Existem dias em que tudo nos corre mal. E outros em que tudo nos corre bem.
Este, felizmente, era um dos segundos.
Terminei a aproximação, transitei para estacionário a metro e meio e aterrei o helicóptero.
“Siga para outro” diz o instrutor.
Passo a 0.65, estacionário, manche à frente e lá vou eu outra vez. Ao finalizar esta segunda aproximação, ainda com as rodas no ar, o instrutor já estava a tirar os cintos. Aterrei e já ele estava “solto”.
“Bem” – diz-me o meu tão paciente instrutor – “Não te posso ensinar mais nada. Juízo nessa cabeça.”. Sorri ligeiramente. “Sim meu Major”.
O meu instrutor faz uma última incursão pelos rádios “Sábio 12, now MOCHO 12, ready for departure”. MOCHO é o callsign para voos solo dos alunos na Esquadra 552.
“Ou vai ou racha!”
Passo a subir, 0.65 e rodas no ar! Bolas… estou a subir demias! Retiro passo e lembro-me que tenho menos peso no helicóptero. Para além do instrutor já consumi uma quantidade considerável de combustível. Consigo manter estacionário com 0.62. Estou a voar um helicóptero sozinho! Um cabrão de um helicóptero!
Faço como sempre fiz. Mais 0.05, manche à frente e aí vou ao eu! Mais à frente, em subida, olho pelo meu lado esquerdo e lá estão os meus camaradas de curso. O comportamento da aeronave era realmente diferente. Mais leve, mais manobrável. E aquele manche a mexer-se sozinho ao meu lado causava-me uma impressão extremamente estranha!

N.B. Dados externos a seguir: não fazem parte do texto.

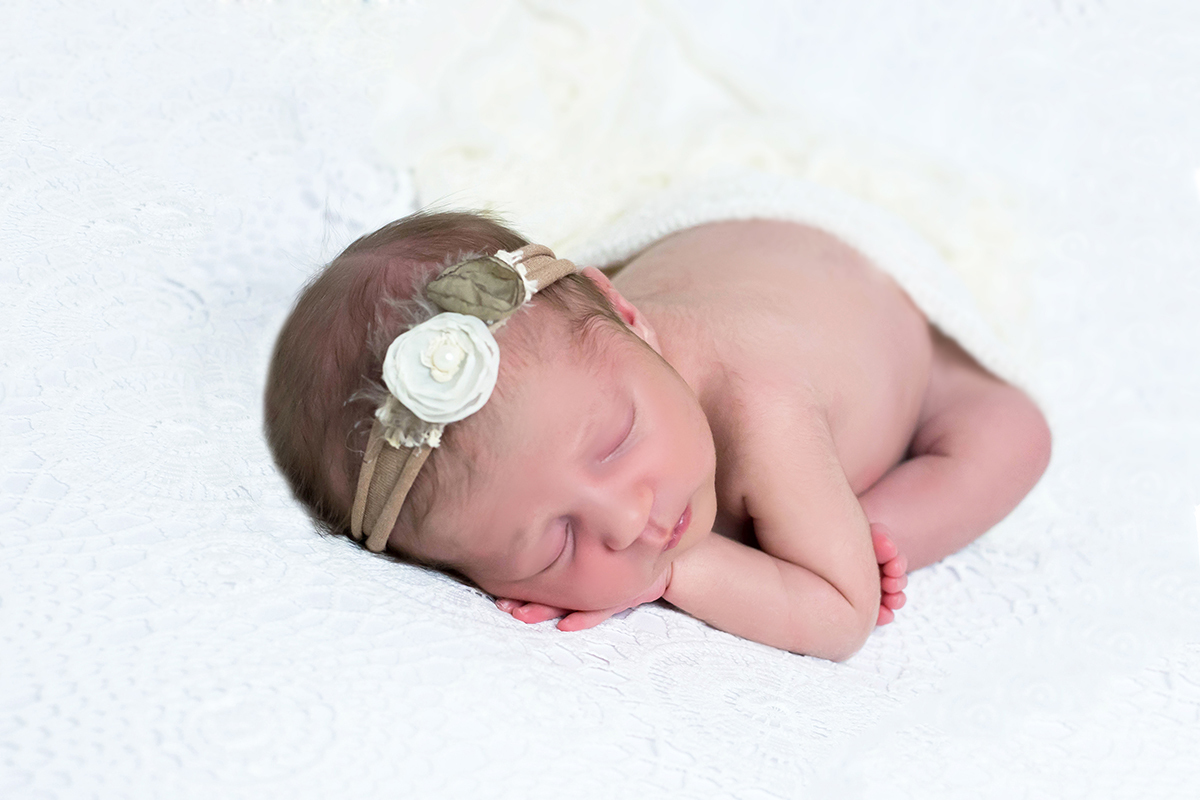 ensaio de newborn da Alana. Pose no Puff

A primeira aproximação era, por razões de planeamento, para borrego. Faço a aproximação normal mas borrego no último terço. Tendo um helicóptero acabado de aterrar decido fazer um “off-set”. Só por segurança. Passo de subida, desvio-me ligeiramente para a direita e lá vou eu.

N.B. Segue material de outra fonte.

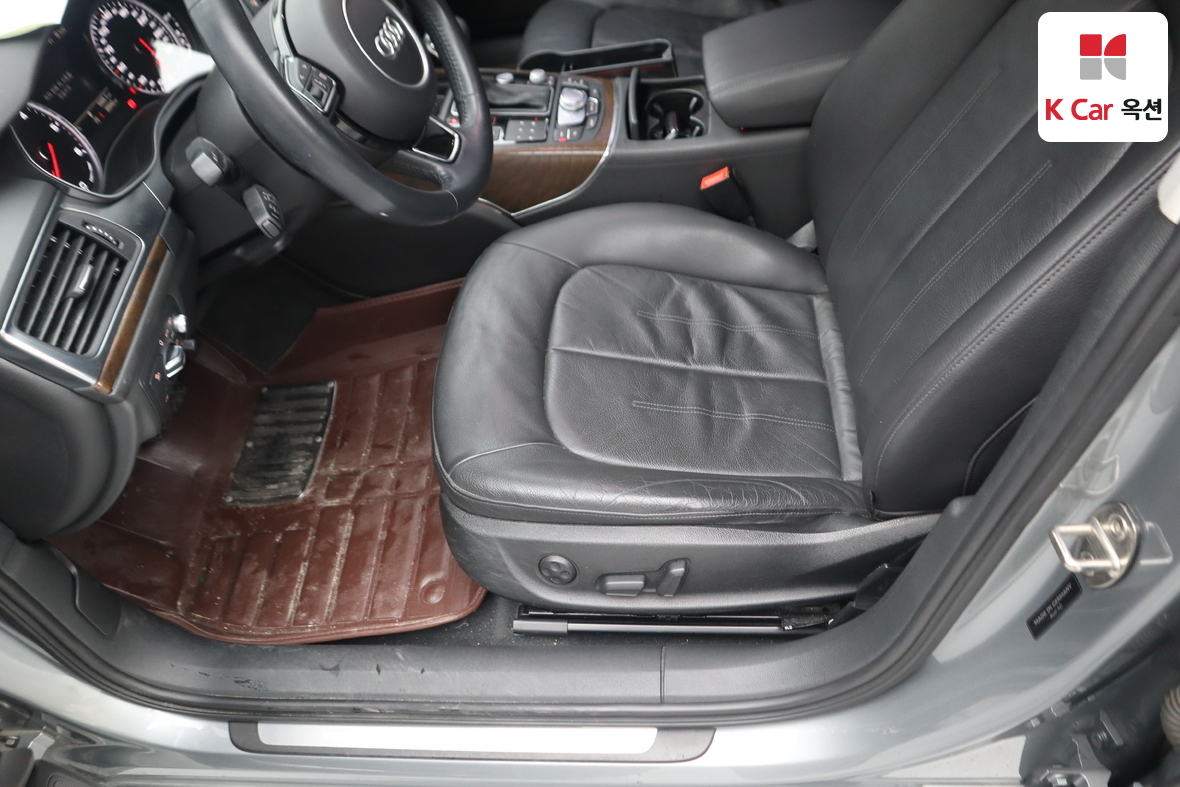 Audi A6 2015 - Image 21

“MOCHO 12, on the go, offset”
“Copy MOCHO 12, report downwind.”
A próxima seria para aterragem. O circuito corre normalmente, estupidamente mais descontraído. Voar sozinho é, e estou convicto disso, a melhor sensação do mundo. A paz e a liberdade são totais. Check de aproximação ao campo. Tudo normal, tudo apagado. Volto para a final.
“MOCHO 12, final”
“Copy MOCHO 12, proceed”
Inicio a aproximação como sempre fiz. Reduzo o passo e cabro o helicóptero consoante o necessário. Reparei que estava a abrandar bem mais devagar. Distraio-me um pouco com a situação e quando entro no último terço da aproximação noto que estou “quente” (rápido)! Cabro o helicóptero de maneira significativa, e aí estamos nós, eu e o meu companheiro Alouette 3 em estacionário sobre o heliporto! Aterro o helicóptero. Aterragem um pouco mais bruta. “Atracagem” pensava eu em honra dos meus camaradas da Marinha.
Descolo e voo mais um circuito.
“MOCHO 12, final, full stop”
“Copy MOCHO 12, report safe on the ground”
Aterro, destravo, reporto para a torre e dirijo-me para o estacionamento.
Recordo-me vagamente de ver os meus camaradas de curso à minha espera. Recordo-me mais vivamente do camião dos bombeiros que me iria dar uma molha das antigas!
E, como sou um tipo de palavra, naquela sexta-feira à noite lá estava eu. A beber uma cerveja e a comemorar!